Task to complete ->
No pictures, please. Output the lines from the start of the data through the line that contains "EUROLAMP 147-15053 ΦΩΤΑΚΙ", both included, exactly as they stand.

----------

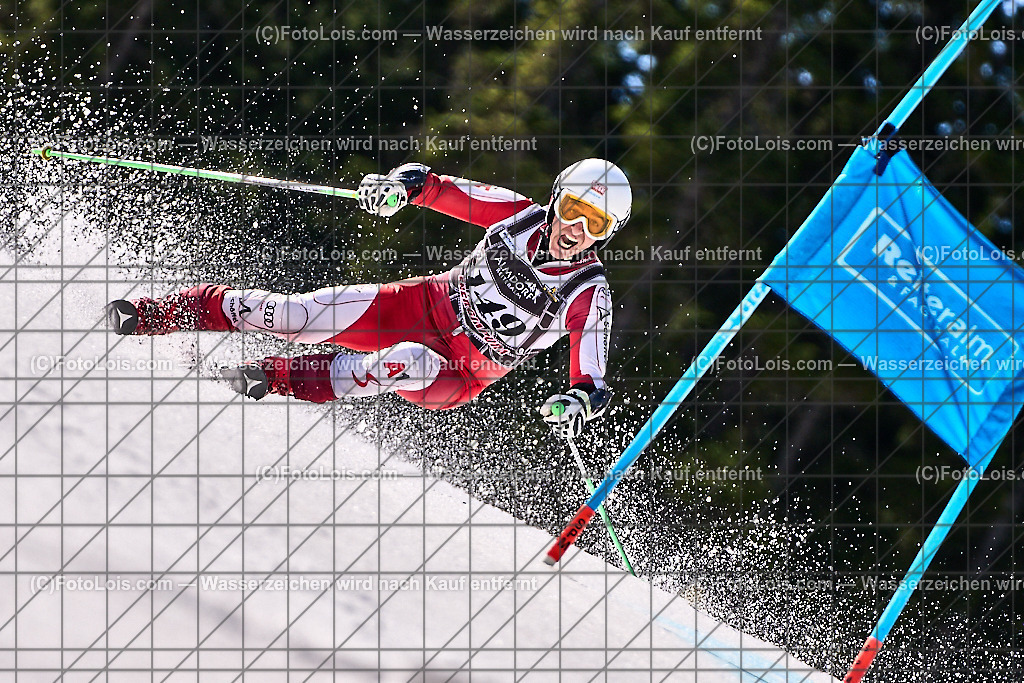ALP1550_Reiteralm_MASTERS-LM_RTL_Hirschler Siegfried | (C)FotoLois.com, Alois Spandl. Steirische MASTERS-Landesmeisterschaften Ski alpin mit Wien und Salzburg, Reiteralm, Sa 13. April 2024.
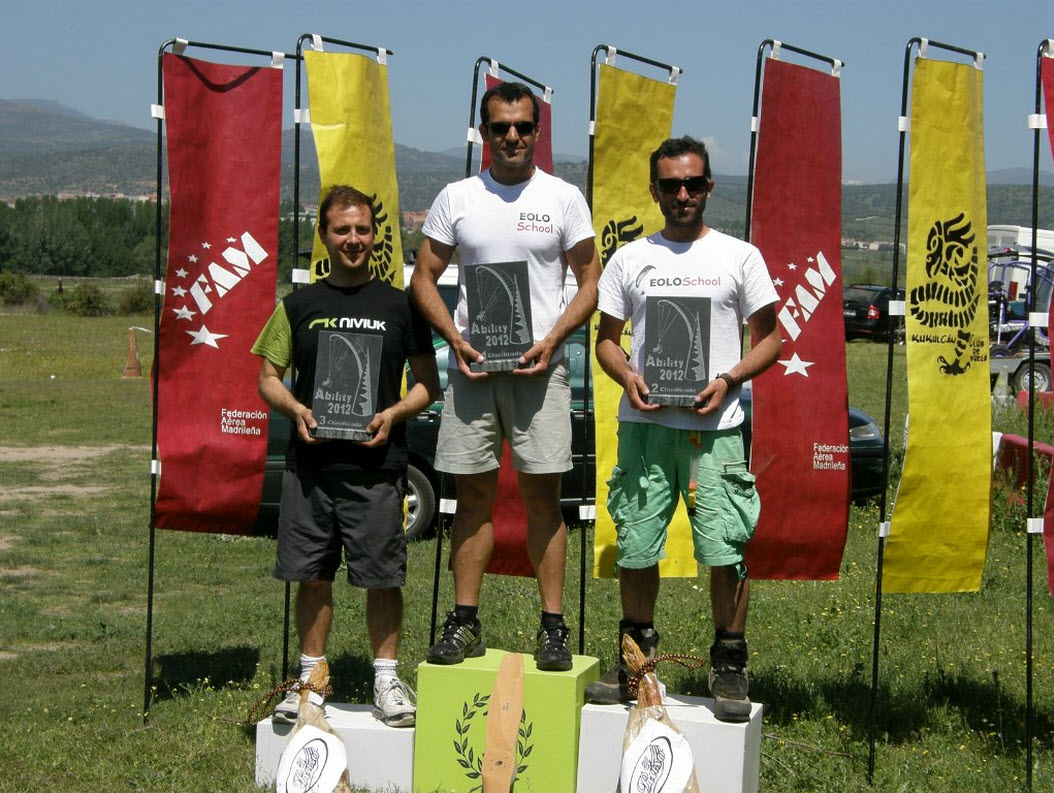 paramotor-ability-2012 Resultados Ability 2012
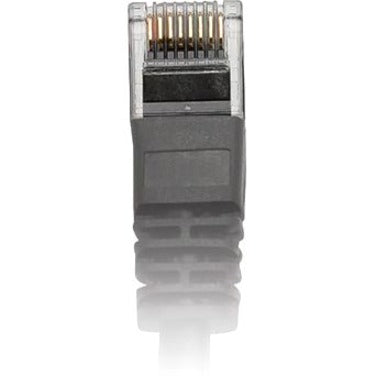 Monoprice 100FT 24AWG Cat6 550MHz UTP Ethernet Bare Copper Network Cable - Black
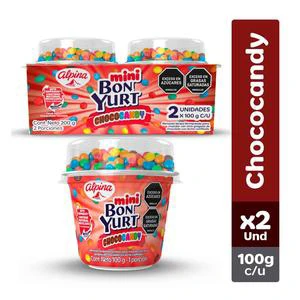 BONYURT ALPINA CANDY 100 X 2 UNDS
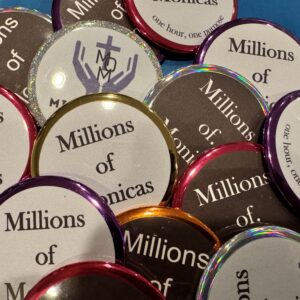 Millions of Monicas Buttons (20 Assorted)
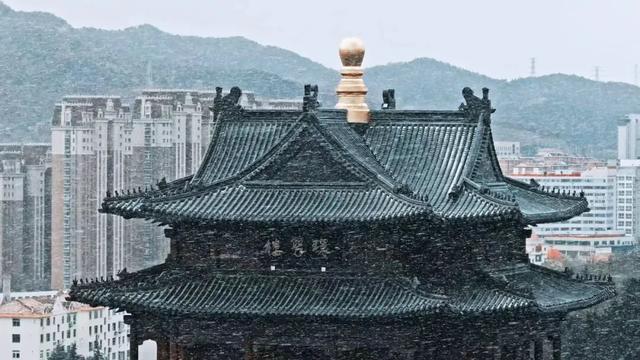 威海的冬日浪漫，从第一场雪开始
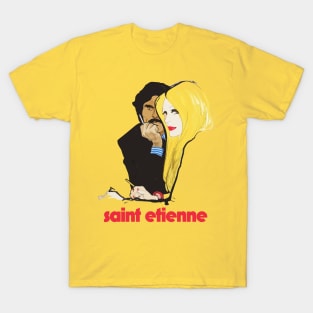 Saint Etienne • • • 1990s Style Aesthetic Design T-Shirt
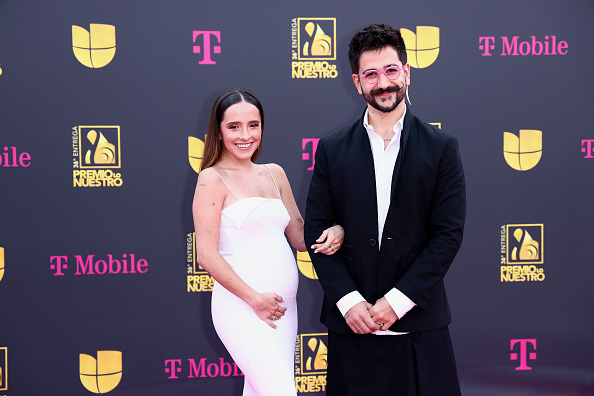 Camilo y Evaluna Montaner asisten a la 36.ª edición de Premio Lo Nuestro de Univision en el Kaseya Center el 22 de febrero de 2024 en Miami, Florida | Fuente: Getty Images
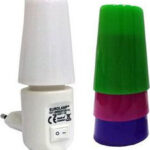 EUROLAMP 147-15053 ΦΩΤΑΚΙ ΝΥΚΤΟΣ ΜΕ ΔΙΑΚΟΠΤΗ LED 2700K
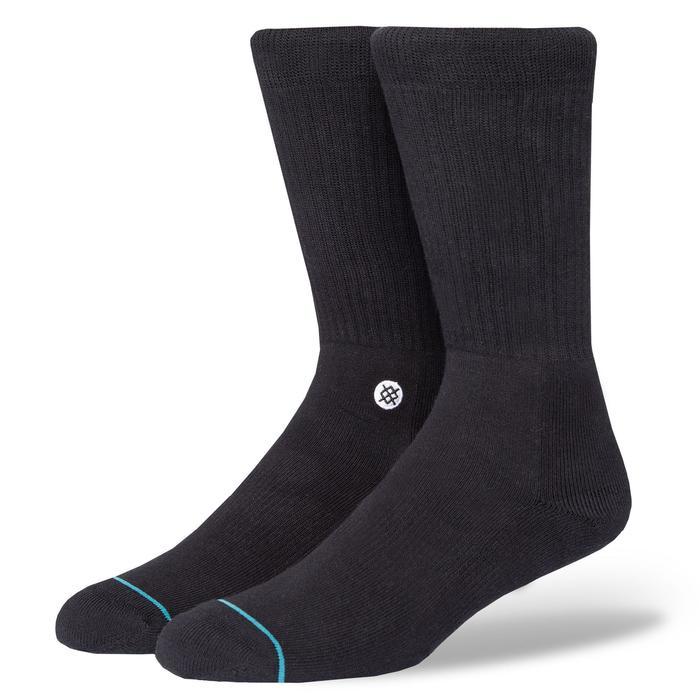 Stance Icon Sock - Black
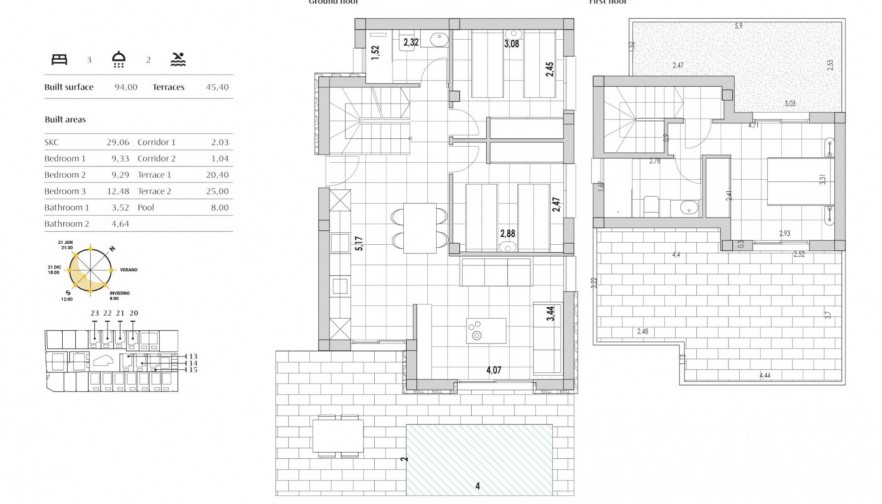 Nueva construcción  - Villa - Orihuela Costa - PAU 8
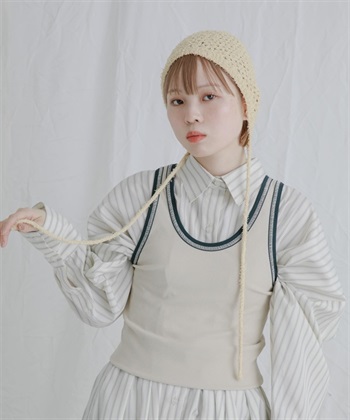 春季針織帽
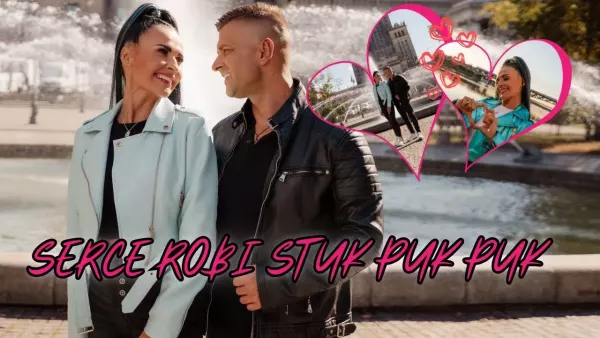 Bartosz Jagielski - Serce robi stuk puk puk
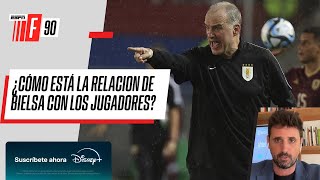 EL TEMA DEL MOMENTO EN URUGUAY la relación de Bielsa con los jugadores  ESPNF90 [upl. by Nogem]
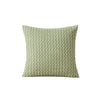 Boho Corduroy Square Pillow Cover - Farmhouse Neutral Decor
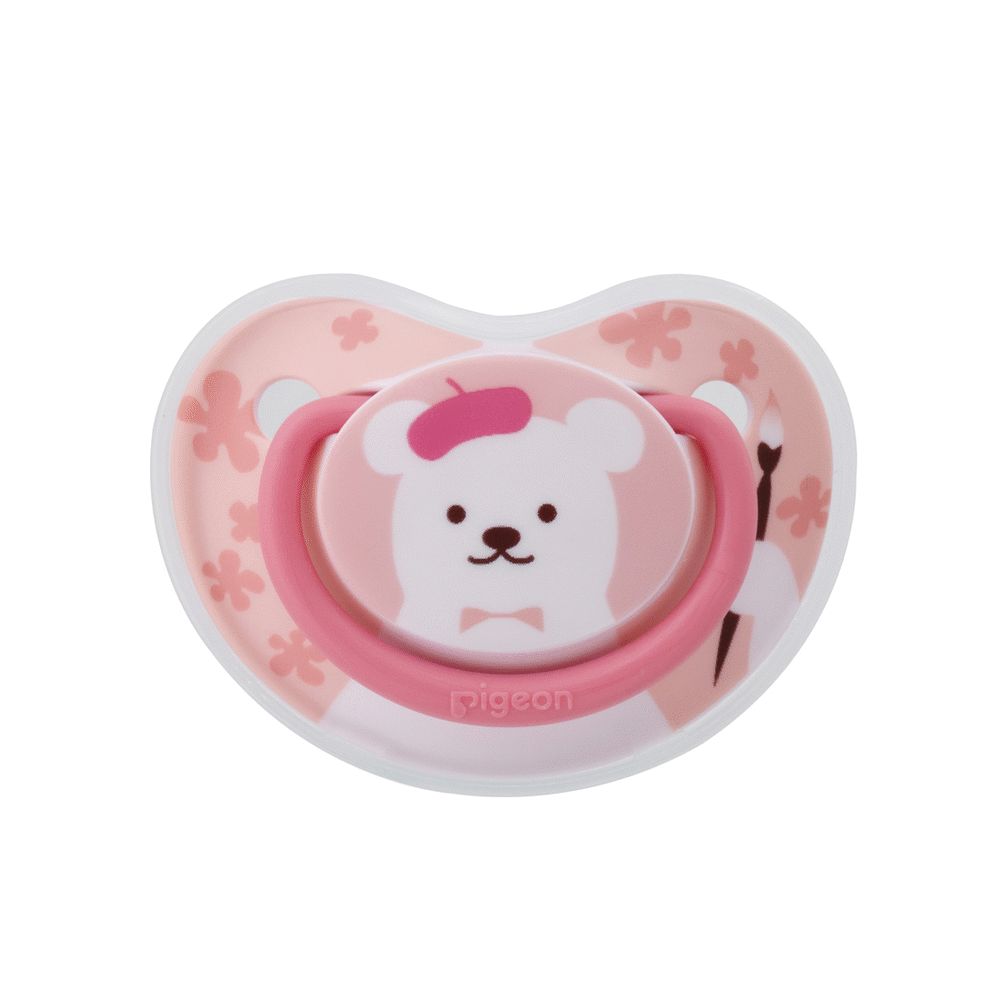 【Pigeon貝親】繽紛系列安撫奶嘴M/7款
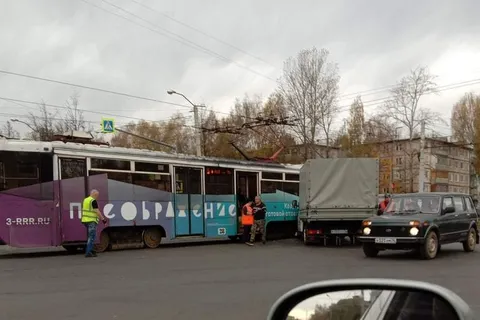 В Ярославле продолжается «трамвайное безумие»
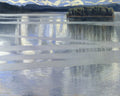 Thumbnail for Lake Keitele by Gallen-Kallela, 50x40 cm diamond painting – original artwork the design is made from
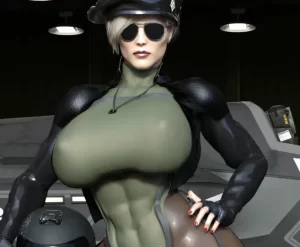 [3D漫画]俘虏女飞行员前戏-188绅士站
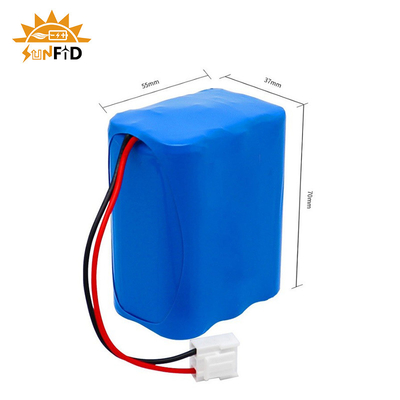 Pacchetto della batteria ricaricabile del litio 22.2V 2600mah per il modello Nesting degli aerei della rondella della pistola della fascia di Batte dell'automobile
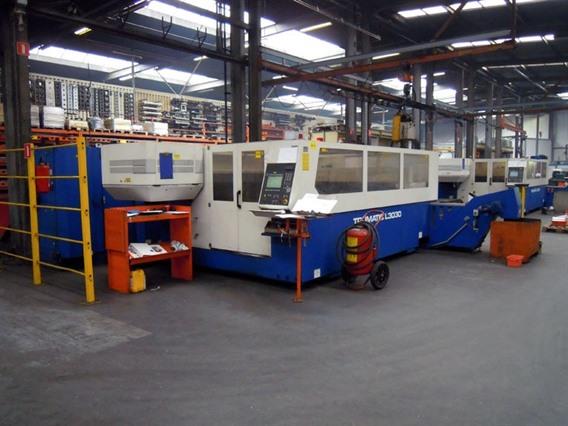 Trumpf L3030 CNC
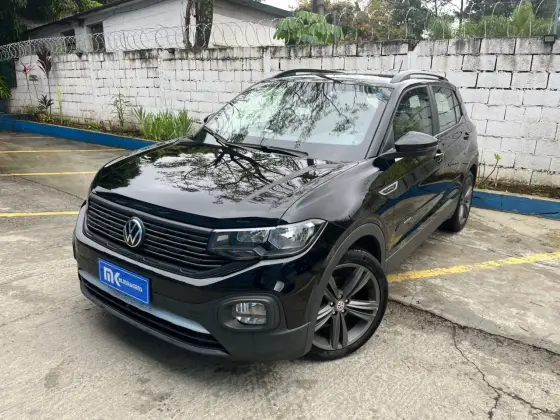 VOLKSWAGEN T-CROSS 1.0 200 TSI TOTAL FLEX SENSE AUTOMÁTICO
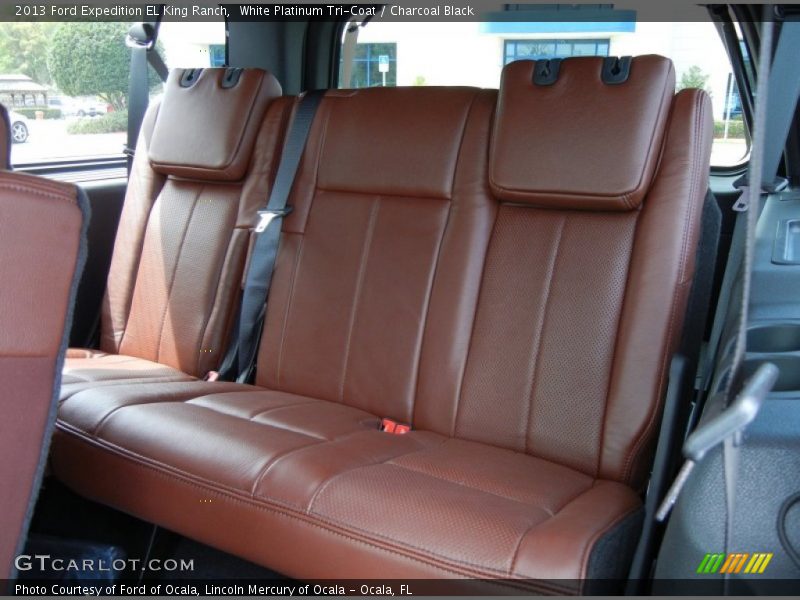 Rear Seat of 2013 Expedition EL King Ranch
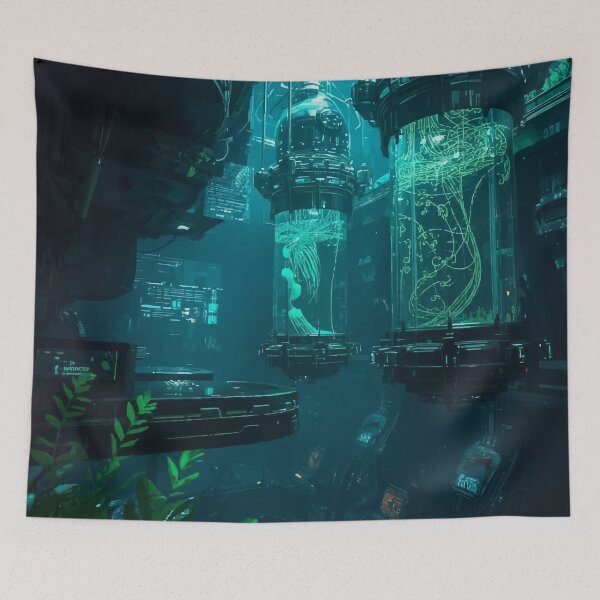 Item preview, Undersea Experiments designed and sold by AbstractAnom.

----------

Output for this task ->
ALP1550_Reiteralm_MASTERS-LM_RTL_Hirschler Siegfried | (C)FotoLois.com, Alois Spandl. Steirische MASTERS-Landesmeisterschaften Ski alpin mit Wien und Salzburg, Reiteralm, Sa 13. April 2024.
 paramotor-ability-2012 Resultados Ability 2012
 Monoprice 100FT 24AWG Cat6 550MHz UTP Ethernet Bare Copper Network Cable - Black
 BONYURT ALPINA CANDY 100 X 2 UNDS
 Millions of Monicas Buttons (20 Assorted)
 威海的冬日浪漫，从第一场雪开始
 Saint Etienne • • • 1990s Style Aesthetic Design T-Shirt
 Camilo y Evaluna Montaner asisten a la 36.ª edición de Premio Lo Nuestro de Univision en el Kaseya Center el 22 de febrero de 2024 en Miami, Florida | Fuente: Getty Images
 EUROLAMP 147-15053 ΦΩΤΑΚΙ ΝΥΚΤΟΣ ΜΕ ΔΙΑΚΟΠΤΗ LED 2700K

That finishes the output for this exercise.